Additionally, the image forming process section 10 further includes
a second transfer roller 26 and a fixing unit 30. The second
transfer roller 26 collectively transfers (second transfer) the
superimposed toner images, which have been transferred onto the
intermediate transfer belt 20, onto a sheet of paper P, which is a
recording material (a sheet of recording paper), in a second
transfer unit T. The fixing unit 30 fixes, on the sheet of paper P,
an image that has been transferred by second transfer. In the image
forming apparatus 1 according the present exemplary embodiment, a
transfer unit that transfers the toner images onto the sheet of
paper P is constituted by the intermediate transfer belt 20, the
first transfer rollers 21, and the second transfer roller 26.

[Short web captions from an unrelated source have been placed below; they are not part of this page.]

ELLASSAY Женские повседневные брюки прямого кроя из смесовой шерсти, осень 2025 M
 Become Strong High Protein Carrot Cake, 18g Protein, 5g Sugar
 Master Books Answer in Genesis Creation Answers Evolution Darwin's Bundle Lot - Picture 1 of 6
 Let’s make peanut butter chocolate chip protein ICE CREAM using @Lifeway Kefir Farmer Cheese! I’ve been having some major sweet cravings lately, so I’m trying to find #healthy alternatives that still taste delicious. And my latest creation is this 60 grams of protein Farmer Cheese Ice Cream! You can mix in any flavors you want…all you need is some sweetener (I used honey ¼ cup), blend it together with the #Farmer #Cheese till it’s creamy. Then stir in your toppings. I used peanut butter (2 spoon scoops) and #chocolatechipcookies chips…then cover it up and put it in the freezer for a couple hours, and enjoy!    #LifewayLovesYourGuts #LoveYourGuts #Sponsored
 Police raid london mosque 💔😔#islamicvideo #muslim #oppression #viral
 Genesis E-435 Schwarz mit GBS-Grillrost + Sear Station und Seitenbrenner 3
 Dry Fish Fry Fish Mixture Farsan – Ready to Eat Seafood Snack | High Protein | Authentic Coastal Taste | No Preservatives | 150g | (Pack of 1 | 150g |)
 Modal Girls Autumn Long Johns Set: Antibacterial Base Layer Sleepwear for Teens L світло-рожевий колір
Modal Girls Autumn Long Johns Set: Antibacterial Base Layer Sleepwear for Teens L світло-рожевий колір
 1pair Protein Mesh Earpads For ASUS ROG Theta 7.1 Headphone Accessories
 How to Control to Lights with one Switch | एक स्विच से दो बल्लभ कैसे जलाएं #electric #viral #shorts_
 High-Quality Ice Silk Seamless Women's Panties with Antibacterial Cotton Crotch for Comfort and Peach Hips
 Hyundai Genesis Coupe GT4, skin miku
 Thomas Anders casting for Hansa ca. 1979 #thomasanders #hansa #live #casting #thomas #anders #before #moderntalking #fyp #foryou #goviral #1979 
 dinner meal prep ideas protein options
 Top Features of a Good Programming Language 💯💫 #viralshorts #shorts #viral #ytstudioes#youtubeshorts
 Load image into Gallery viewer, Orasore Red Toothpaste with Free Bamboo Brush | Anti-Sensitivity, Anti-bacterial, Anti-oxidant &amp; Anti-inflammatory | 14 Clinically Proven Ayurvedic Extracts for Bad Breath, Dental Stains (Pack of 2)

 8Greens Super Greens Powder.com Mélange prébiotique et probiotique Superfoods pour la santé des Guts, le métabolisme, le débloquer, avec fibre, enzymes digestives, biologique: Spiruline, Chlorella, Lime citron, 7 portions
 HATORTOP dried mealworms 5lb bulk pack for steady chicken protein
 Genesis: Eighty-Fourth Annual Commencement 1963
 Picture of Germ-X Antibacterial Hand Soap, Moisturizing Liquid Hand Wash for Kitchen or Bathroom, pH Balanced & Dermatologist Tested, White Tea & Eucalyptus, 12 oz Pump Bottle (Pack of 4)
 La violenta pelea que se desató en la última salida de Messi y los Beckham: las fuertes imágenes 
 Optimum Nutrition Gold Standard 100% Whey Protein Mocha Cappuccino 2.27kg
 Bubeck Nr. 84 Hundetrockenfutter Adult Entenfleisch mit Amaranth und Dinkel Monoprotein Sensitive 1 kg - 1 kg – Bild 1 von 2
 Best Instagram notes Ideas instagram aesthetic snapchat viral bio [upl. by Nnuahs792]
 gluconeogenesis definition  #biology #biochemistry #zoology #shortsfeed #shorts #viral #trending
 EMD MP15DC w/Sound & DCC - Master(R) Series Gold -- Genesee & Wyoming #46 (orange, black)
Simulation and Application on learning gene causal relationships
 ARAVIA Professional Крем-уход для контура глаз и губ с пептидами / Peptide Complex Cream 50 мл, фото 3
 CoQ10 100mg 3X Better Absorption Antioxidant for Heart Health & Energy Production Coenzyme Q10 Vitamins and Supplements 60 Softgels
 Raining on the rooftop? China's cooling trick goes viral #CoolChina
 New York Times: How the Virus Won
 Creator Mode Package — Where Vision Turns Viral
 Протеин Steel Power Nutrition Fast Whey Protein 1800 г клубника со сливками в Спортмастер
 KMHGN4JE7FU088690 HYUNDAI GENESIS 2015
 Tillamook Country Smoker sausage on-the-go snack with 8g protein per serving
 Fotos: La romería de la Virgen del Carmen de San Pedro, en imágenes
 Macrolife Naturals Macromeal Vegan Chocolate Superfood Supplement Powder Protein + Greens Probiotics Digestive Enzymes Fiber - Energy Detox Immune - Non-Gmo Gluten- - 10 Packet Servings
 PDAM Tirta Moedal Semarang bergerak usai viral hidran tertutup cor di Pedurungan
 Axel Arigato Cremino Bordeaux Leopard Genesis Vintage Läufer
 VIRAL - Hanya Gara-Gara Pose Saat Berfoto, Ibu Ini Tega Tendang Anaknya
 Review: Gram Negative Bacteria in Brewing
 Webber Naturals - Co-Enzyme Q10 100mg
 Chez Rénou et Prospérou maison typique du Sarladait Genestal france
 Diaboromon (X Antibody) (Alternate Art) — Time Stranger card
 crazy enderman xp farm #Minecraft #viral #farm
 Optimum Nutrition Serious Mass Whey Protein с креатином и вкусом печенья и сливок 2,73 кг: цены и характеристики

Furthermore, the fixing unit 30 functions as a fixing unit that
fixes the toner images on the sheet of paper P.
[0025] The intermediate transfer belt 20 is stretched around a
driving roller 24, a backup roller 25, a tension roller 27,
stretching rollers 28, the first transfer rollers 21Y, 21M, 21C,
and 21K, and so forth. The driving roller 24 rotationally drives
the intermediate transfer belt 20. The backup roller 25 is disposed
at a position that opposes the position of the second transfer
roller 26. The tension roller 27 applies a tension to the
intermediate transfer belt 20. The intermediate transfer belt 20 is
rotated in the direction indicated by the arrow B.
[0026] The fixing unit 30 includes a fixing roller 31 and a
pressure roller 32. The fixing roller 31 has a heat source therein.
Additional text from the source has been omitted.